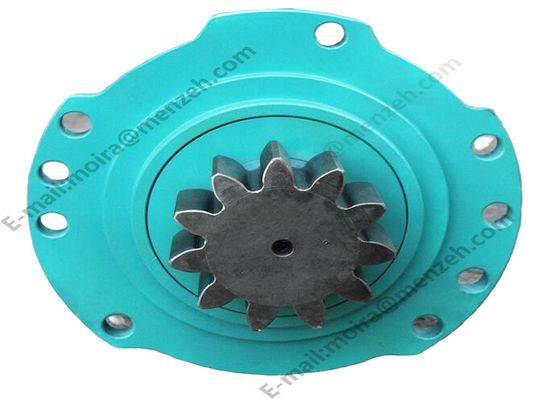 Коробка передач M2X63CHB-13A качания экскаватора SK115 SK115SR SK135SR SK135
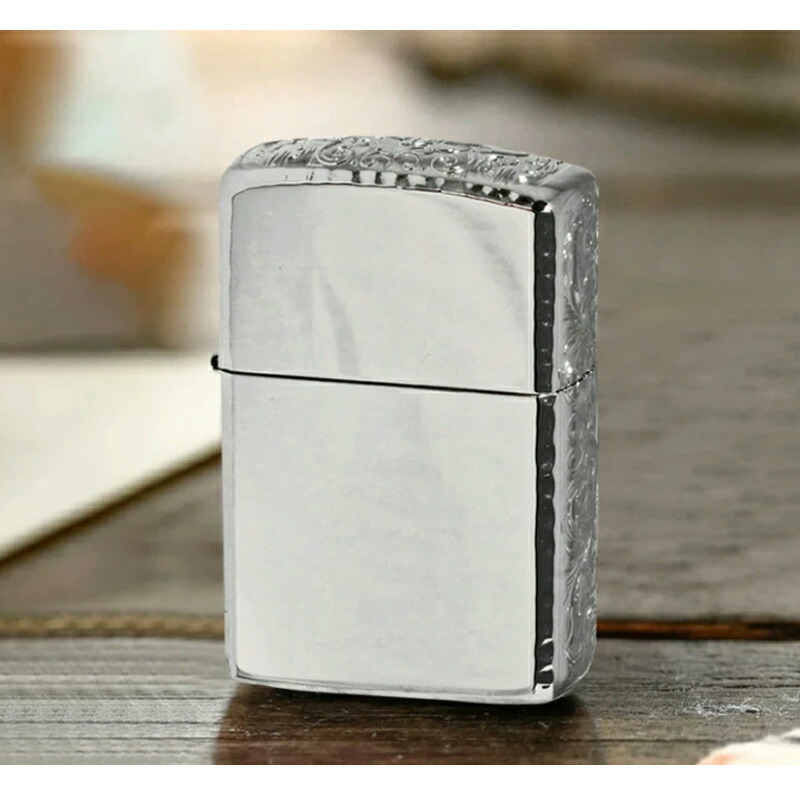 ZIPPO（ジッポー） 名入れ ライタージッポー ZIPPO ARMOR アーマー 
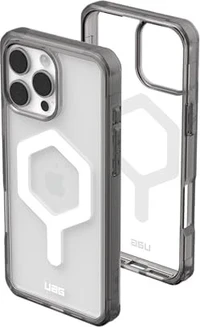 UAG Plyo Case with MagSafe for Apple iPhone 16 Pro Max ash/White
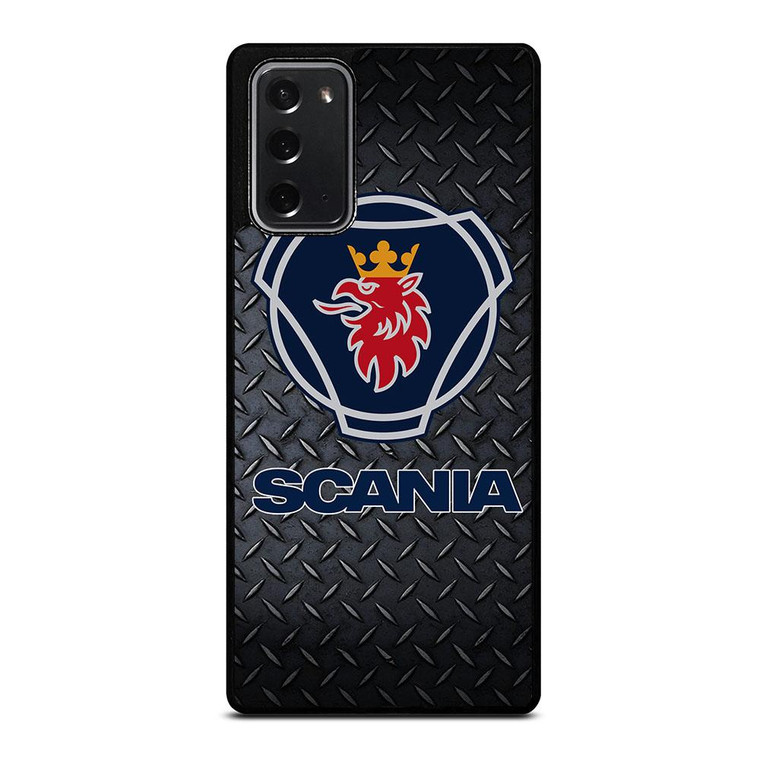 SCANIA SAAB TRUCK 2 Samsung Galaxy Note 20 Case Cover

(Work task):
The material above should be repeated word for word, with every picture omitted.

(Answer space):
 Коробка передач M2X63CHB-13A качания экскаватора SK115 SK115SR SK135SR SK135
 ZIPPO（ジッポー） 名入れ ライタージッポー ZIPPO ARMOR アーマー 
 UAG Plyo Case with MagSafe for Apple iPhone 16 Pro Max ash/White
 SCANIA SAAB TRUCK 2 Samsung Galaxy Note 20 Case Cover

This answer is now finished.